## Task to carry out:
Beneath this instruction is a block of data; output from it exactly the lines that run from the one containing "Mazda Mazda 3" through the one containing "フランスアンティークチェリー柄鮮やかなブルーグリーンのキャセロールスーピエール", inclusive.

(Short web captions)
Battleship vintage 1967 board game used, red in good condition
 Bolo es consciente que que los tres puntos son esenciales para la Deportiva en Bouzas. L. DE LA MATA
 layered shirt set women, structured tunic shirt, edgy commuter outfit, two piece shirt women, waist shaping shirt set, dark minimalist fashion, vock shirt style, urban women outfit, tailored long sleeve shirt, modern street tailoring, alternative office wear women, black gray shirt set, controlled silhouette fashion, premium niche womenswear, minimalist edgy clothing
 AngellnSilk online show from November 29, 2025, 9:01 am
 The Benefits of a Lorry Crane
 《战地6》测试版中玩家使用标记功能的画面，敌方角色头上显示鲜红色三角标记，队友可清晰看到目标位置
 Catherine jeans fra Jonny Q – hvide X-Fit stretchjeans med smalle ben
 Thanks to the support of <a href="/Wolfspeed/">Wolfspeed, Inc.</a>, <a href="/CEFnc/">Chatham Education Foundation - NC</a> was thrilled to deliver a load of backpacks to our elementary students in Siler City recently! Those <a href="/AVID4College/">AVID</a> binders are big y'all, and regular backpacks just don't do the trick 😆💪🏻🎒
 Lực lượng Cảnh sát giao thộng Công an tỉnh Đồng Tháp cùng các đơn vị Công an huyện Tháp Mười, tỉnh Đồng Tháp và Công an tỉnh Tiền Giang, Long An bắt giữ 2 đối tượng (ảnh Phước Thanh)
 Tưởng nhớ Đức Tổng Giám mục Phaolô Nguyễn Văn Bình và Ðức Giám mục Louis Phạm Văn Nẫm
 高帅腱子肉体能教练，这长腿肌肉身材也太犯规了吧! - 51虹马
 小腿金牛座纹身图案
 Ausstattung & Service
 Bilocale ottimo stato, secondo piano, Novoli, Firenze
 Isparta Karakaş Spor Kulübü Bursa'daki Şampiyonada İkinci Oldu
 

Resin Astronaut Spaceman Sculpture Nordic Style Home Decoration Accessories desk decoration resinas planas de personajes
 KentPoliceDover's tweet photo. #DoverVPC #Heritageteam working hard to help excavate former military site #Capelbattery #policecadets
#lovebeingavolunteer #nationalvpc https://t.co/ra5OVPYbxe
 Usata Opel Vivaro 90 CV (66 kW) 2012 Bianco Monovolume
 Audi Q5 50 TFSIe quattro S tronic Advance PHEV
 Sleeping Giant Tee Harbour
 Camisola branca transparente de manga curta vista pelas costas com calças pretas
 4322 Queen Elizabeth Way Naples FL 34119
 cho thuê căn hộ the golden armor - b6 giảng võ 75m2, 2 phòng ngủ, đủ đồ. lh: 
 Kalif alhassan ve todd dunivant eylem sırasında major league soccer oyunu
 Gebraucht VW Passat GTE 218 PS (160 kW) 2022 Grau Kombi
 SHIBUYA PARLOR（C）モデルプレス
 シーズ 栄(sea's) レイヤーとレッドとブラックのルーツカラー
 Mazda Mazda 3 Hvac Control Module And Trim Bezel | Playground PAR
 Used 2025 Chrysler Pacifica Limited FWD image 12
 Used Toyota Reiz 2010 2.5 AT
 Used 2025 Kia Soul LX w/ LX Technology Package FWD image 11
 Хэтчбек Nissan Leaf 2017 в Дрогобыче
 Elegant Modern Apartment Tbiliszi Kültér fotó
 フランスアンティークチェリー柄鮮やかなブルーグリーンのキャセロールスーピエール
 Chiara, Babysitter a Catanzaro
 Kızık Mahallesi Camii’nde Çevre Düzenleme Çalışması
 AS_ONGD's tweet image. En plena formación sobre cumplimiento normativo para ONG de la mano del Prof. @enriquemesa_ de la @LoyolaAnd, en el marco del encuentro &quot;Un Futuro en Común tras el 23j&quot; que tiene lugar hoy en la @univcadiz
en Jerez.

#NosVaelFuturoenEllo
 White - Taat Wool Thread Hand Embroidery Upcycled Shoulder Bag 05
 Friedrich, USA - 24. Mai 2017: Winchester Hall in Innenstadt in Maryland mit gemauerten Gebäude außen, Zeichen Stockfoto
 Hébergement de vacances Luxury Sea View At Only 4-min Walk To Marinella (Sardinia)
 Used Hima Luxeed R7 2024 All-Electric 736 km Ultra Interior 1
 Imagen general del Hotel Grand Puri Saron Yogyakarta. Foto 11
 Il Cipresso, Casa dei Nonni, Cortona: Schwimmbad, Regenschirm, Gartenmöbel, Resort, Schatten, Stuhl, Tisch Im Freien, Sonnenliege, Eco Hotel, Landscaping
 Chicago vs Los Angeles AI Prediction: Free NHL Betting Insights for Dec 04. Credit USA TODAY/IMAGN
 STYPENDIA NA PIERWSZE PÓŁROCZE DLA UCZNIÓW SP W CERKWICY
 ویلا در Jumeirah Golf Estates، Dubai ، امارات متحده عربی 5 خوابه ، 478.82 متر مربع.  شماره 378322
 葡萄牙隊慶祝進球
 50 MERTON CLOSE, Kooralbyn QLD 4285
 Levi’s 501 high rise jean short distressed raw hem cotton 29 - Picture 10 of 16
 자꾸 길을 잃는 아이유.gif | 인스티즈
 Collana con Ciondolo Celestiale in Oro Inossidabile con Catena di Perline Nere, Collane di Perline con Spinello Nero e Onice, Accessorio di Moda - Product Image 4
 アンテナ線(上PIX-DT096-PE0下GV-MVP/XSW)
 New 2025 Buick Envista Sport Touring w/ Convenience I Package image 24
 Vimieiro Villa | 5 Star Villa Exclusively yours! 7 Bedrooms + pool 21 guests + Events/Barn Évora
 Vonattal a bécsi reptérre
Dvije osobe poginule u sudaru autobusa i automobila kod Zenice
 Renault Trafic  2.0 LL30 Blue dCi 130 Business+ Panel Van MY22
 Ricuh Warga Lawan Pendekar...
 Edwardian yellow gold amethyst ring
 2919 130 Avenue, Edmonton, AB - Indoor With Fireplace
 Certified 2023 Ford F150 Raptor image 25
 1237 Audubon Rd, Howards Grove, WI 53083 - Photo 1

## The answer:
 Mazda Mazda 3 Hvac Control Module And Trim Bezel | Playground PAR
 Used 2025 Chrysler Pacifica Limited FWD image 12
 Used Toyota Reiz 2010 2.5 AT
 Used 2025 Kia Soul LX w/ LX Technology Package FWD image 11
 Хэтчбек Nissan Leaf 2017 в Дрогобыче
 Elegant Modern Apartment Tbiliszi Kültér fotó
 フランスアンティークチェリー柄鮮やかなブルーグリーンのキャセロールスーピエール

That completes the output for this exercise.